Good vs. Evil Quotes
How we cite our quotes:
No, Cinderella, said the stepmother,
you have no clothes and cannot dance.
That's the way with stepmothers. (53-55)
Even after the lentils get (magically) picked up, Cinderella's request to go to the ball is denied by her stepmother. This time, it's for a reason that Cinderella can't fix (not without magic, anyway)—she only has raggedy clothes and she apparently can't dance well enough for a royal ball. Truly, Cinderella's stepmother is evil. This, incidentally, sets us up to be okay with all of Cinderella's supernatural help. We figure she deserves it after being so cruelly treated.
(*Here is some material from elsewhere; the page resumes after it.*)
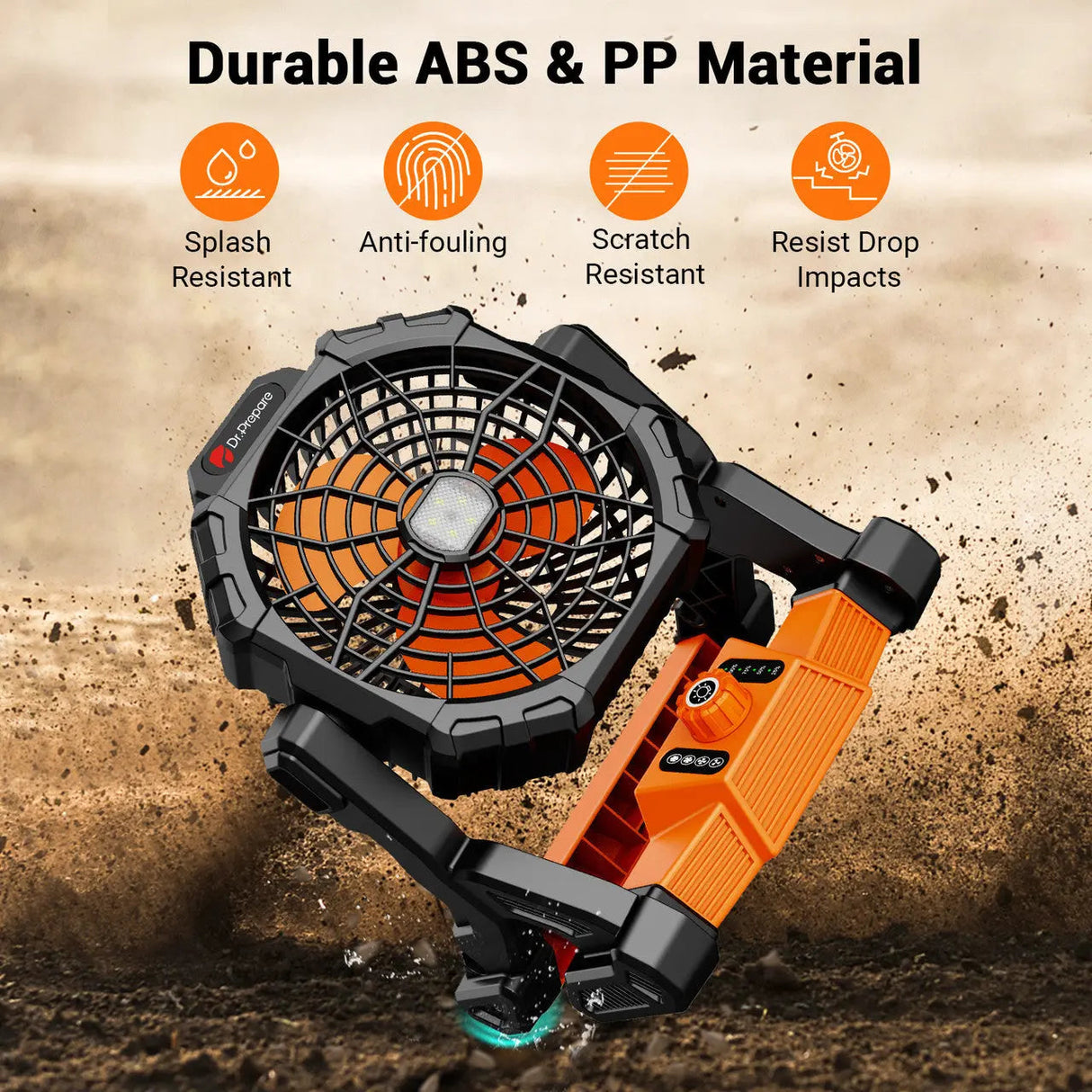 Dr.Prepare X35 Portable Camping Fan with LED Light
This time Cinderella fit into the shoe
like a love letter into its envelope. (93-94)
Good wins out! We knew it would (and so does the narrator—see the "which is no surprise" quote up in line 63). Cinderella triumphs in the end, marrying the prince, and living a royal life. Of course, we know that in this version, the "happily ever after" is ambiguous at best. But we still look for black-and-white scenarios in fairy tales. (Do you think we're conditioned to do this? Something to think about.) So, Cinderella fitting into the shoe is a classic example of good winning out over evil.
At the wedding ceremony
the two sisters came to curry favor
and the white dove pecked their eyes out.
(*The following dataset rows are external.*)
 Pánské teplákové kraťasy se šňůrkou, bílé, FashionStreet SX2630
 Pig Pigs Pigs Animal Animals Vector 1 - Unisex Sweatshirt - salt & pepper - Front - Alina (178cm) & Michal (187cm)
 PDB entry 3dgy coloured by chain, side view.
Two hollow spots were left
like soup spoons. (95-99)
Good winning out over evil in this story isn't enough. The evildoers must be punished, and punished they are, in a rather gory fashion. The white dove—usually a symbol of peace—gets revenge on the evil stepsisters by pecking out their eyes, leaving "hollow spots" (almost like a hollow heart, or maybe a hollow bank account).